LA 12609 - A PAINTED CAVATE KIVA, MORTANDAD RUIN, LOS ALAMOS COUNTY, NM:



Cavates at the Mortandad ruin, Los Alamos,
NM. Photograph Peter Faris, Aug. 30, 2003.

In 2003 we visited the Mortandad Ruin with our friends Bill and Jeanne Gibson. This is on the Pajarito Plateau at Los Alamos, New Mexico, and features rock art as well as cavates and other features. One of the most exciting features there is a painted cavate kiva, in pristine condition and virtually as good as new.
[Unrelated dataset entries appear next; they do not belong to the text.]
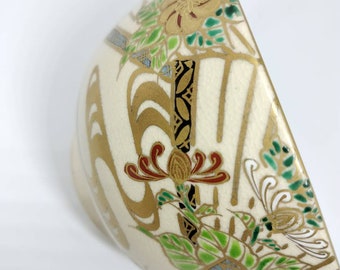 Vintage Japanese hand-made Kyoware glazed tea bowl, chawan . Painted on-glaze enamel chrysanthemum and fans.  White porcelain body.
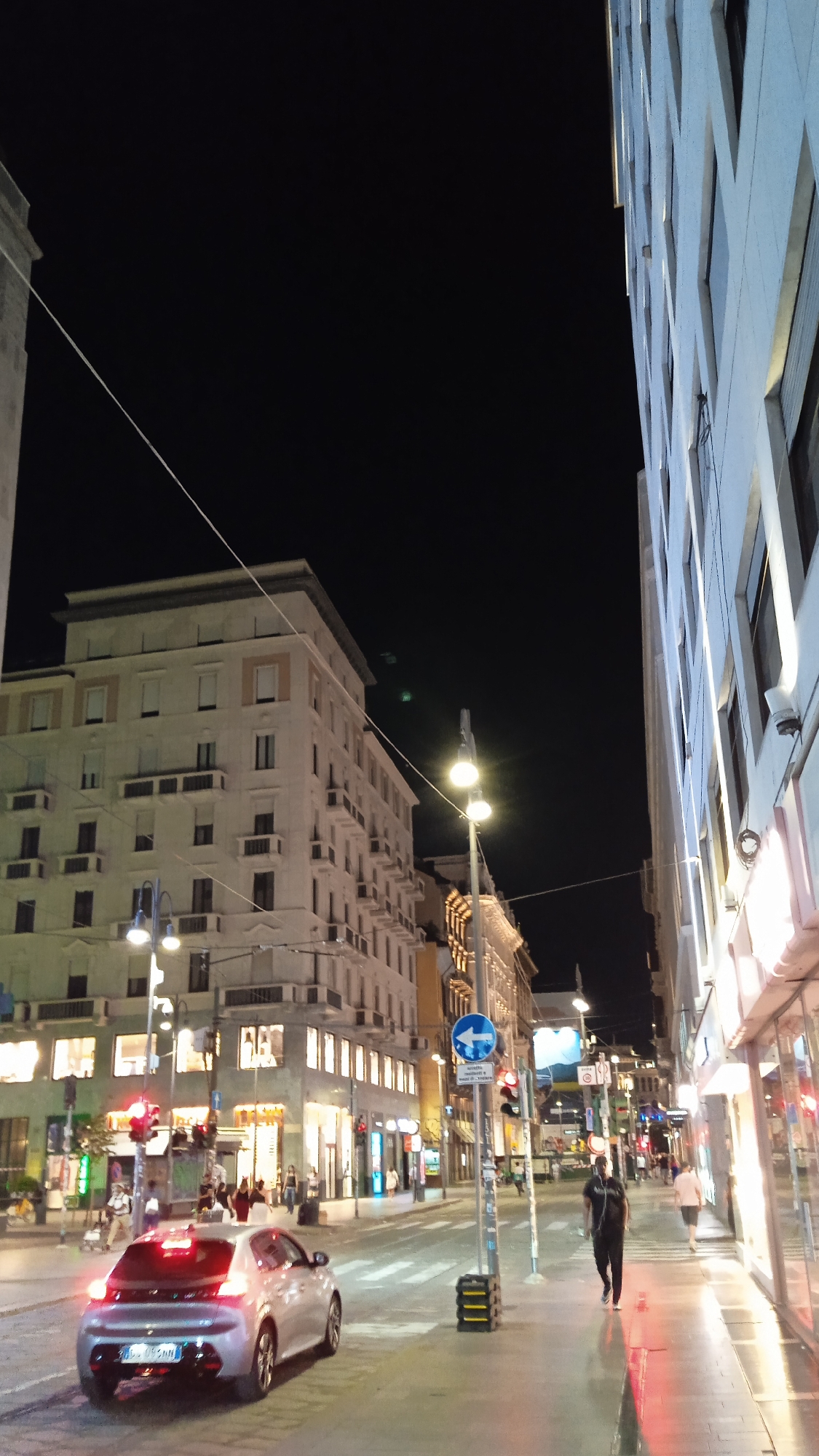The image depicts a street scene in Milan, Italy, at night. A silver Peugeot hatchback is stopped at a traffic light on the left side of the frame. In the background, a multi-story building with illuminated windows lines the street, and a modern building with a patterned facade is visible on the right. Pedestrians are walking along the sidewalk, and streetlights illuminate the scene. A traffic sign with a blue arrow indicating a left turn is visible. The sky is dark, suggesting it is late evening or night.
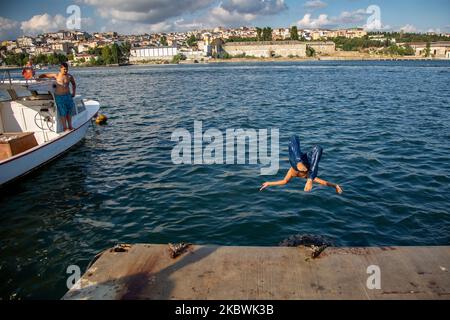 People jump into the Bosphorus to cool off as he enjoy the warm weather during the second day of the celebrations of the Eid-al-Adha in Istanbul, Turkey, 01 August 2020. Eid al-Adha is the holiest of the two Muslims holidays celebrated each year, it marks the yearly Muslim pilgrimage (Hajj) to visit Mecca, the holiest place in Islam. Muslims slaughter a sacrificial animal and split the meat into three parts, one for the family, one for friends and relatives, and one for the poor and needy. (Photo by Fayed El-Geziry/NurPhoto) Stock Photo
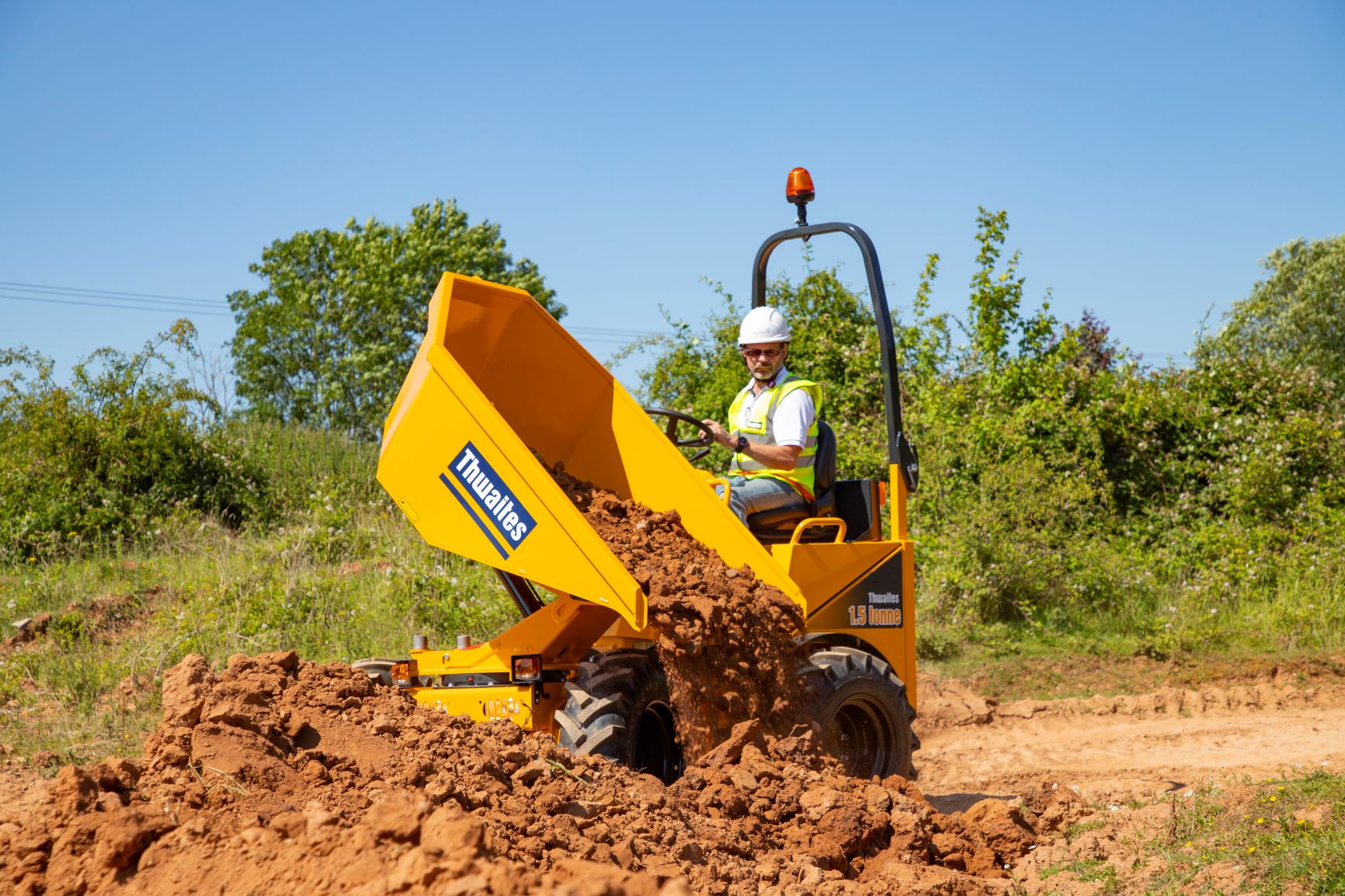 Thwaites 1.5 Tonne Power Swivel, with a male operator, skip turned to the right and emptying out mud.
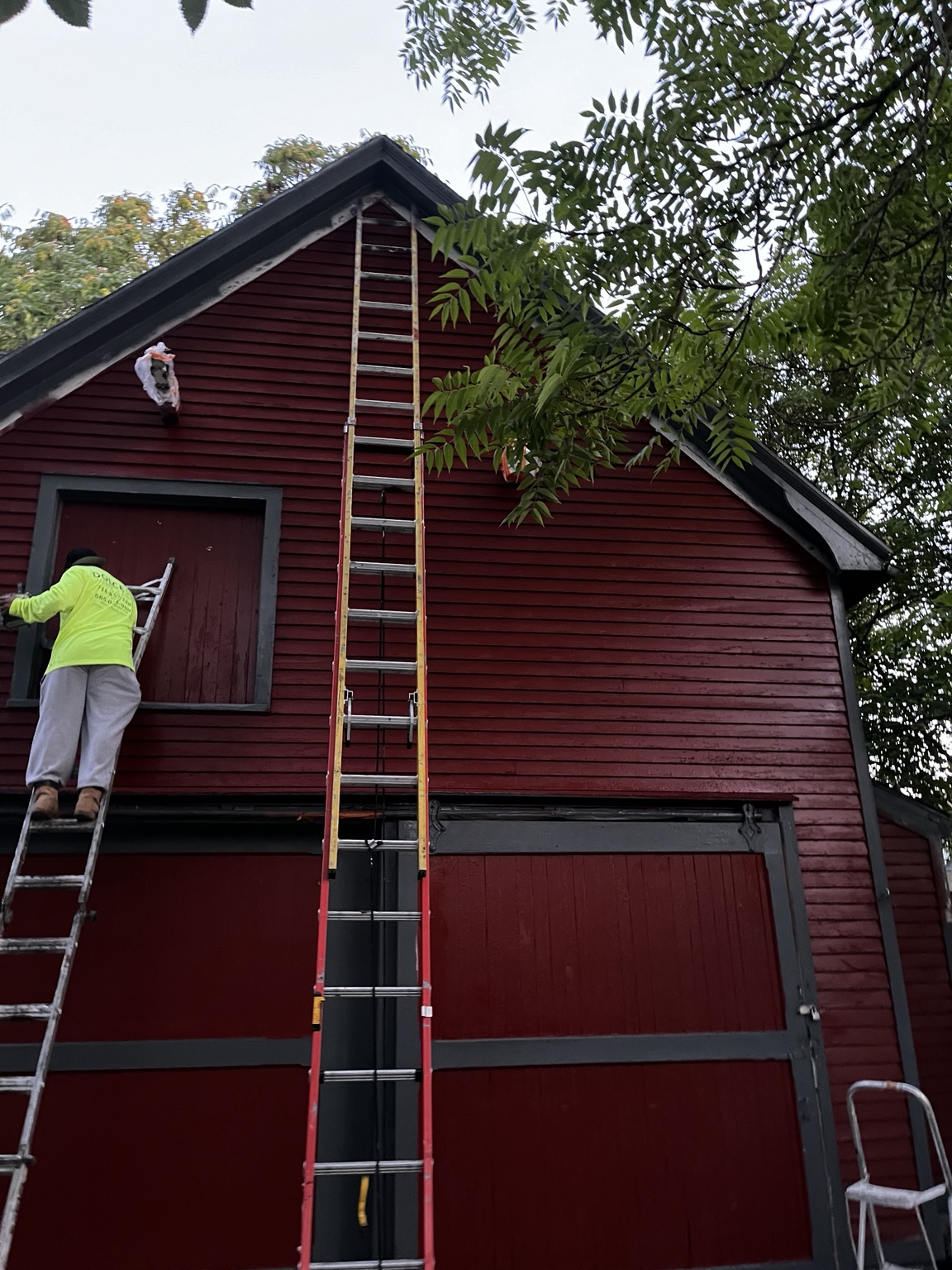 Restored red wood barn with dark trim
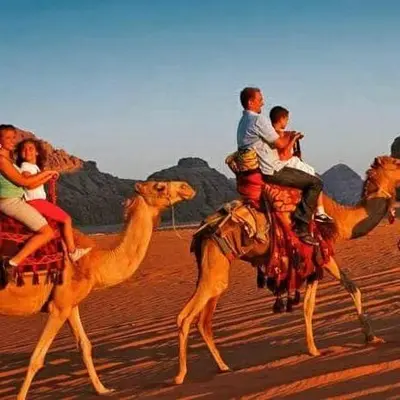 a group of people riding on the backs of camels in the desert at WADI RUM STAR WARS CAMP in Wadi Rum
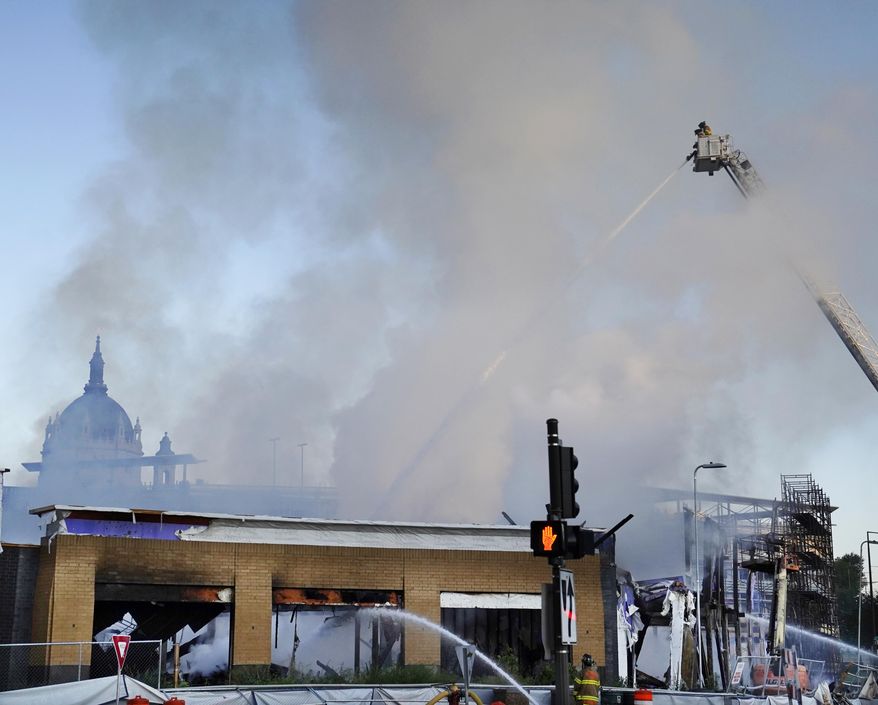 Firefighters battle a fire in downtown St. Paul, Minn., that has engulfed a building that was under construction on Tuesday, Aug. 4, 2020. There were no reports of injuries and there was no immediate word about the possible cause of the fire. (David Joles/Star Tribune via AP)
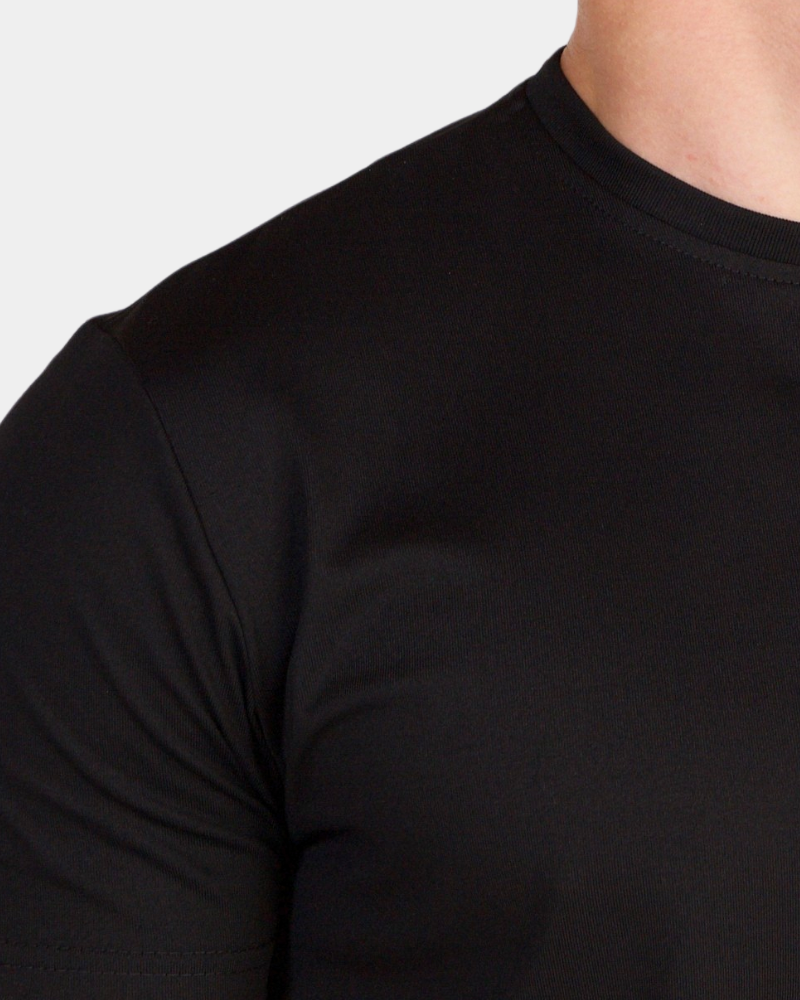By Alden black crew neck t-shirt on male Caucasian model, close-up shoulder detail, gray bg #Color_black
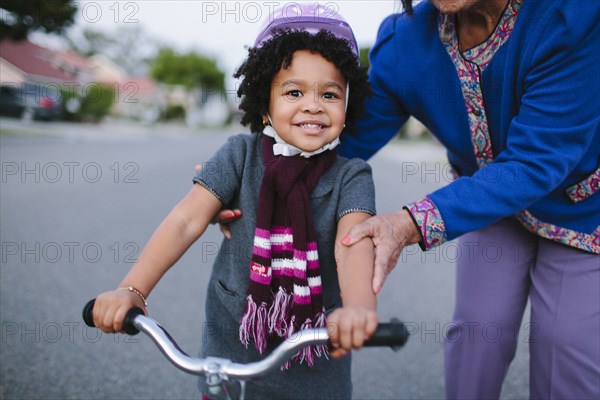 Grandmother teaching granddaughter to ride bicycle on suburban street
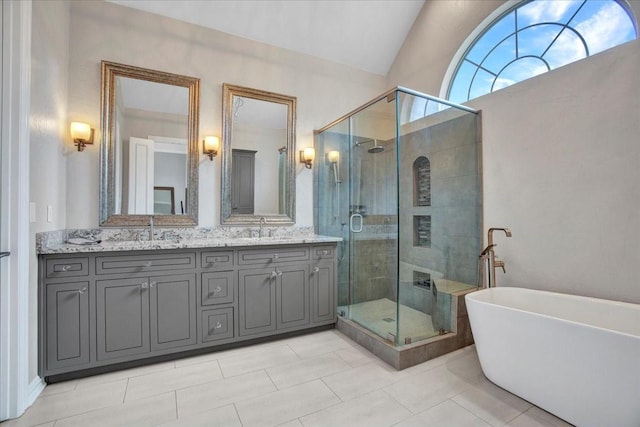 bathroom featuring a soaking tub, a sink, double vanity, and a stall shower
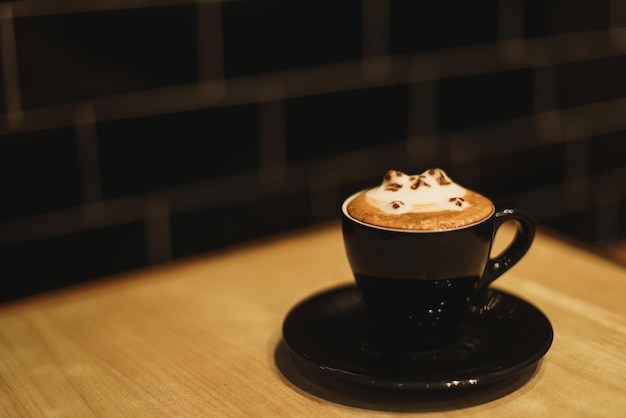 A cute cat hot latte art on cappuccino coffee mug under a dim light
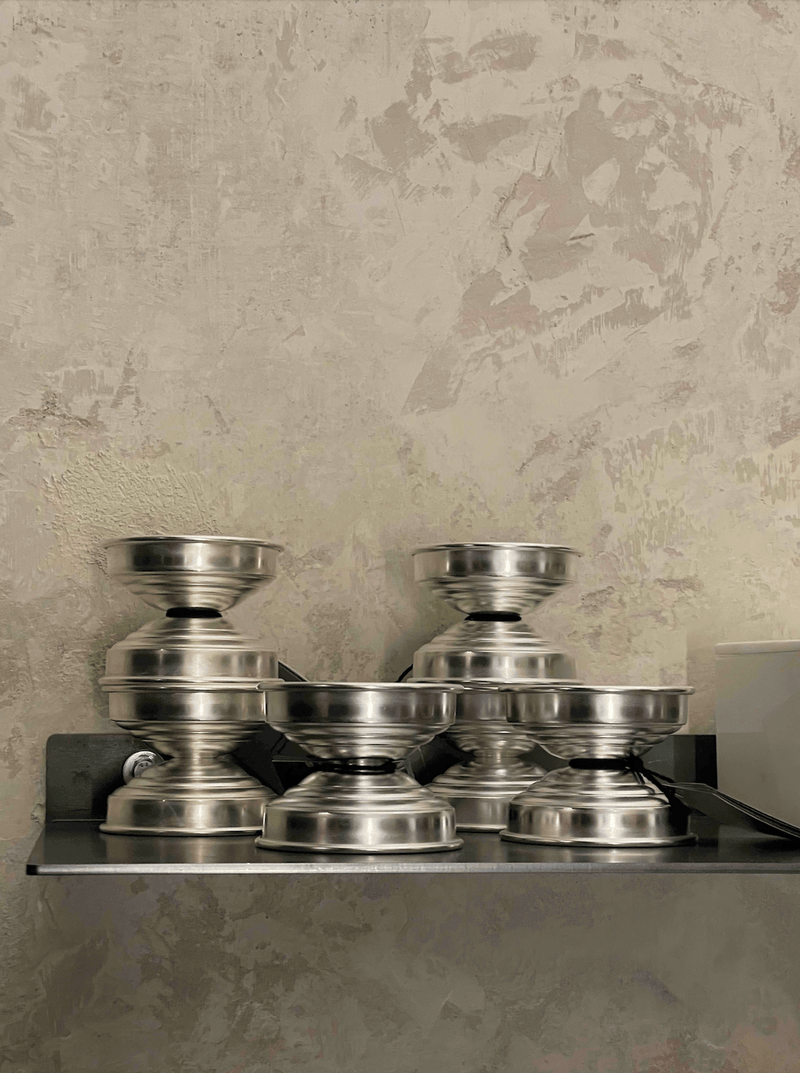Polished Metal Candle Holders in Polished aluminum — stacked on shelf against textured wall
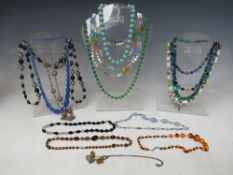A COLLECTION OF VINTAGE AND GLASS BEAD NECKLACES, to include satin glass, malachite and filigree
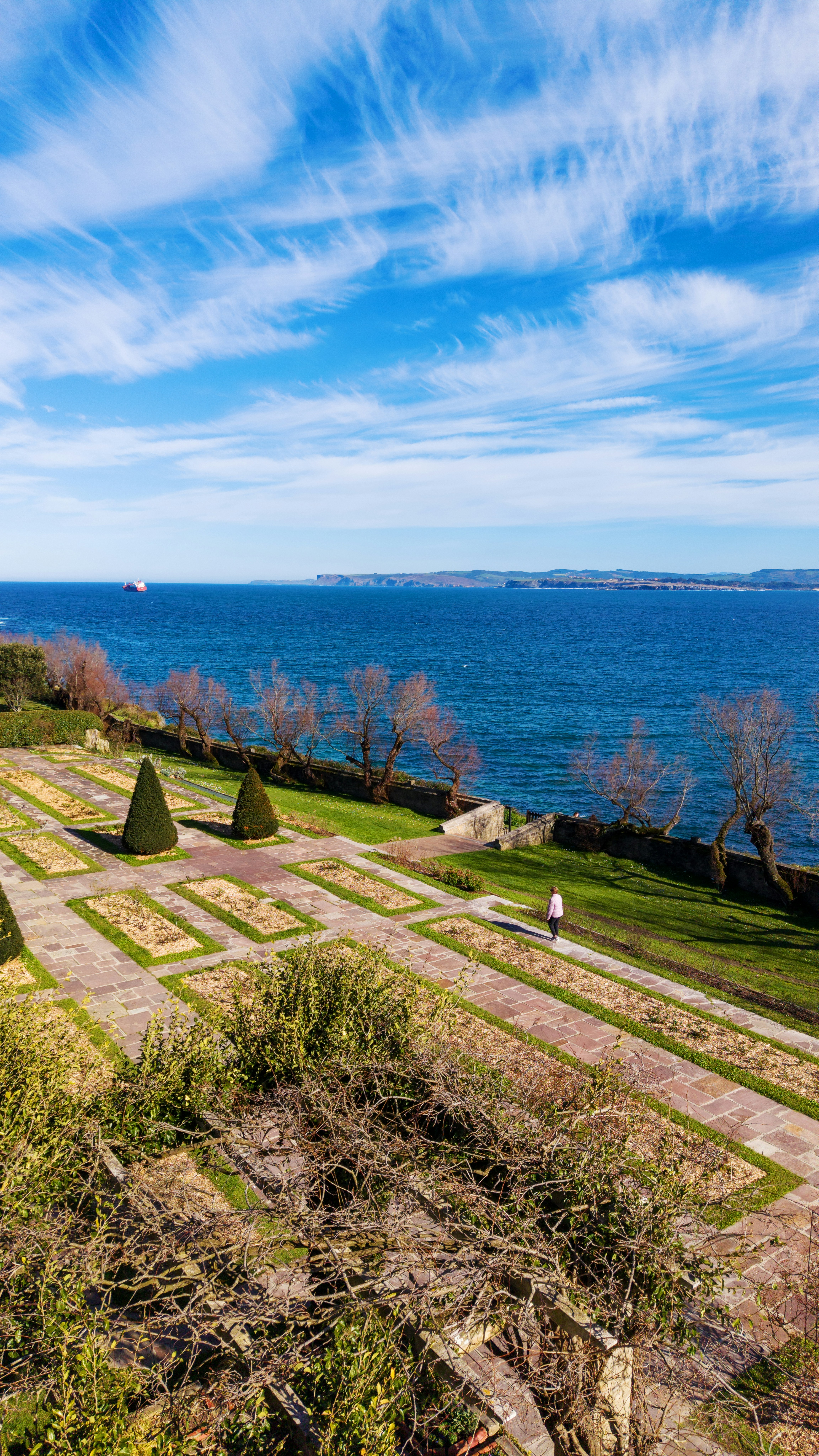 A person walks through a manicured garden by the sea.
Mortandad ruin, cavates and viga holes
in the cliff. Johnson and Hoagland,
2010, Fig. 3, p. 3.

"The Pajarito Plateau was formed by a series of large volcanic ash flows erupting from the Jemez Mountains about one million years ago. The ash consolidated into a soft rock resulting into what is referred to as Bandelier tuff, which through erosion, gradually dissected into the thirteen canyons upon which LANL (Los Alamos National Laboratory) and the Los Alamos townsite reside. The south-facing sides of the canyons frequently erode and fracture into vertical cliff faces. Between the twelfth through sixteenth centuries, people living on the Pajarito Plateau carved chambers into the tuff face, these referred to by archaeologists as cavates. By definition, a cavate or rock cut feature exhibits evidence of human modification (Figure 3). This evidence includes excavation marks, a shaped or modified entryway, floor or wall plaster, internal features including grooves, niches, sooting, or external features (e.g.,viga holes, hand/footholds, or staircases). Cavates, rock cut features, and other associated architectural features are carved into the soft tuff and are subject to degradation, resulting primarily from erosion. The Mortandad cavates, compared with others on the Pajarito Plateau, are relatively stable, as the tuff in this area is less friable than other tuff outcrops. Although the floors, walls, and roofs remain relatively stable, some of the Mortandad Canyon cavates are eroded and plaster and sooting that may have been present is now gone. The existing cavate deterioration indicates that the outer layer of tuff can crumble and/or spall off when touched or walked on." (Johnson and Hoagland 2010:2-3)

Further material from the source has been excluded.